- 07 Sep 2020
- Rolland Vincent
- BizAv Market Insight
Entering the final quarter of 2020, understanding who is buying business aircraft, and why, is more important than ever to dealers and brokers planning and preparing for a hoped-for year-end rush. Rollie Vincent elaborates...Back to Articles
Quarter four is upon us in ‘The Year of the Asterisk’, a time that many of us may want to forget – but cannot and will not. These are surely interesting times, given the daily water-cannons of information that we face, leaving us to tend to the never-ending task of sorting the junk from the nice-to-know; the good-to-know; and the mission-critical... Where is Business Aviation at, as October begins...?
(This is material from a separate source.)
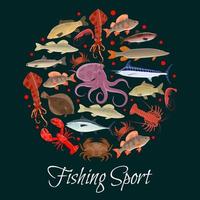 Fishing sport poster with circle of seafood, fish vector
For Business and General Aviation (B&GA) aircraft owners and operators, utilization levels have – thankfully – generally rebounded from the depths of the Q2 2020 quagmire, which by most accounts is now one for the history books.
How do we know? Real-time aircraft tracking software and services that provide detailed reports by aircraft size category, airport, airport pair, country and region are helpful guides to gauge the speed, specifics and trajectory of our industry’s rebound (see the WingX Advance report below).
By most accounts, aircraft flight cycles and hours have already returned to 70-80% of 2019 levels on a year-to-date basis, although affixing any one data point to an industry as diverse and globally-oriented as B&GA is invariably fraught with difficulty, and is open to interpretation and, unfortunately, inevitable misinterpretation.
Preparing for a Hoped-For Year-End Rush…
With numerous signs of bright spots and green shoots in aircraft utilization rates, and with surprisingly strong July 2020 pre-owned sales, there are other signals that are more sobering and thought-provoking. What are some of the mission-critical considerations on the minds of aircraft owners, operators and prospective buyers as we enter the home stretch of 2020? And how should aircraft transaction professionals prepare for the hoped-for year-end rush?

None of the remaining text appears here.